Exclude the pictures, then restate exactly each line of the data below from the first through the line containing "Map of location".

____

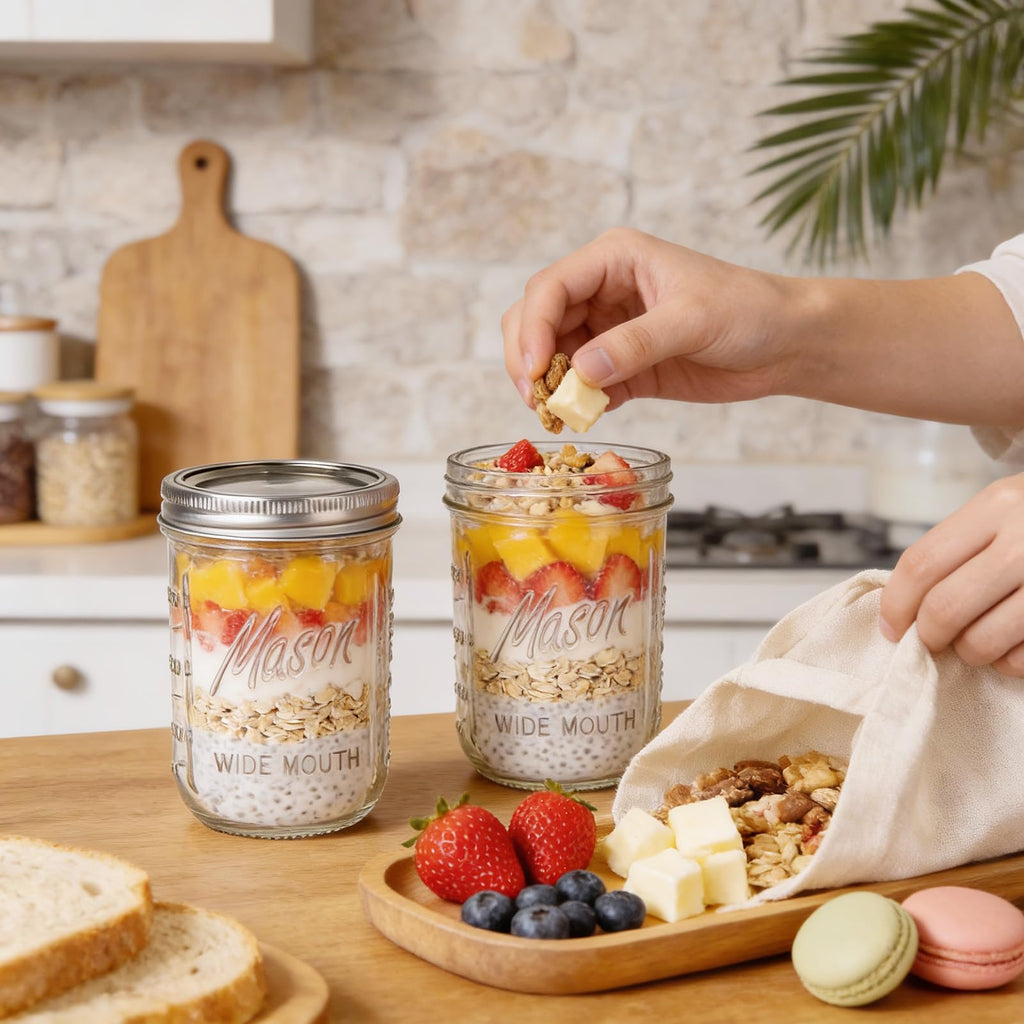 12 Pack 16 oz Wide Mouth Glass Mason Jars with Lids C86876
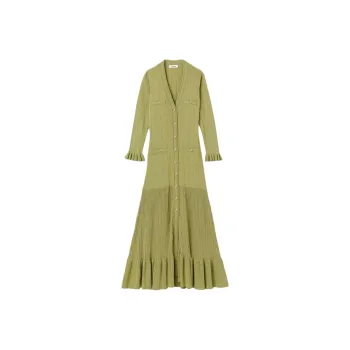 Sandro Önden Düğmeli Triko Uzun Elbise Long Sleeved Dress Women's Green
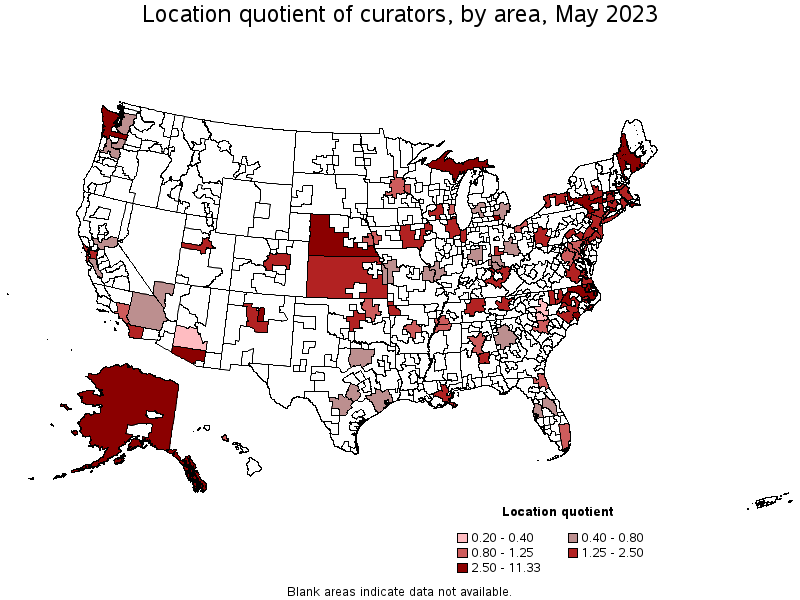 Map of location quotient of curators by area, May 2023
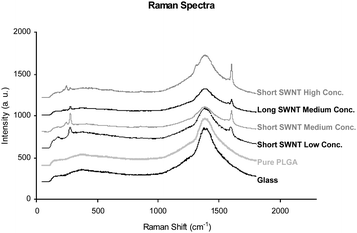 Raman spectra at excitation wavelength 785 nm of the glass substrate, a pure PLGA film, and SWNT–PLGA films of low concentration (1/7000 w/w) short (ca. 300 nm) SWNT, medium concentration (1/700) short SWNT, medium concentration long (>3 µm) SWNT, and high concentration (1/70) short SWNT.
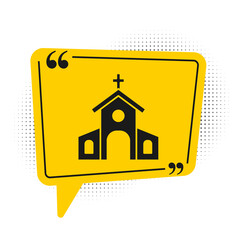 Black Church building icon isolated on white background. Christian Church. Religion of church. Yellow speech bubble symbol. Vector.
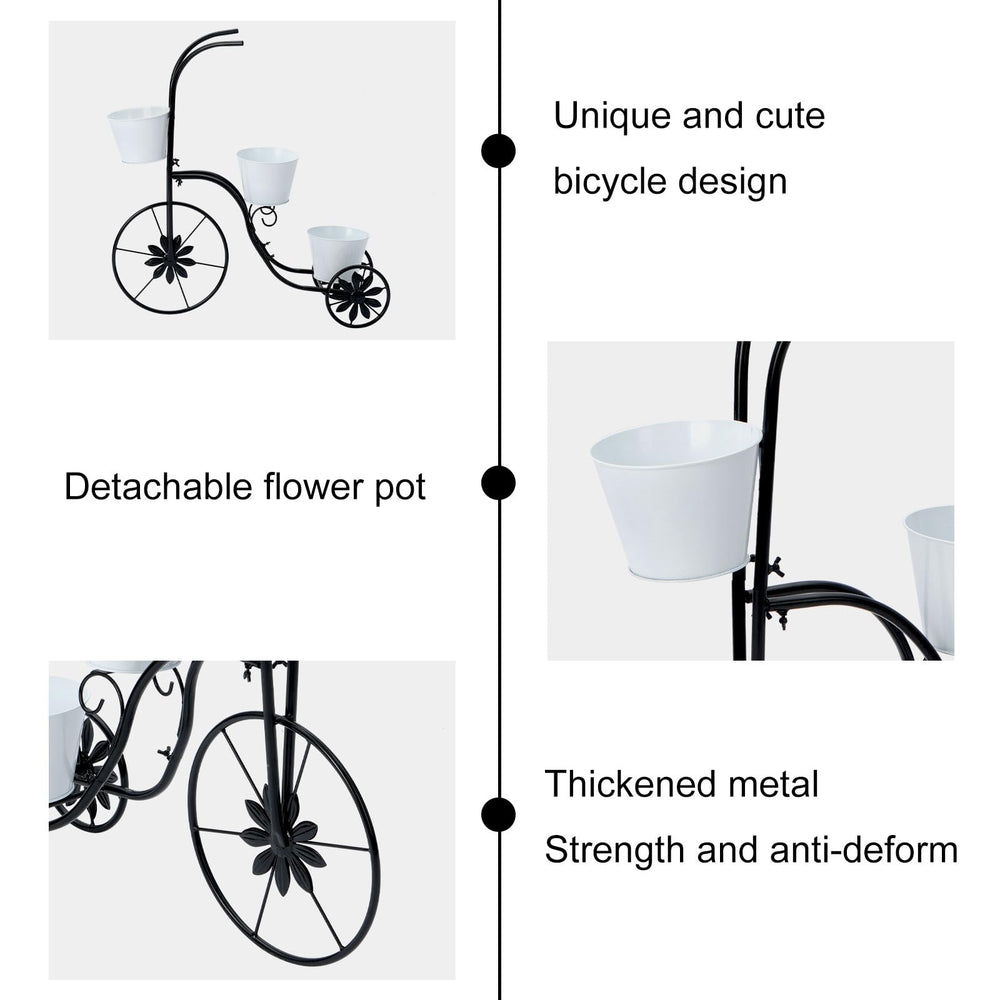 LEWIS&WAYNE tricycle planter filled with flowers demonstrating instant curb appeal benefit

____

Exercise answer:
 12 Pack 16 oz Wide Mouth Glass Mason Jars with Lids C86876
 Sandro Önden Düğmeli Triko Uzun Elbise Long Sleeved Dress Women's Green
 Map of location quotient of curators by area, May 2023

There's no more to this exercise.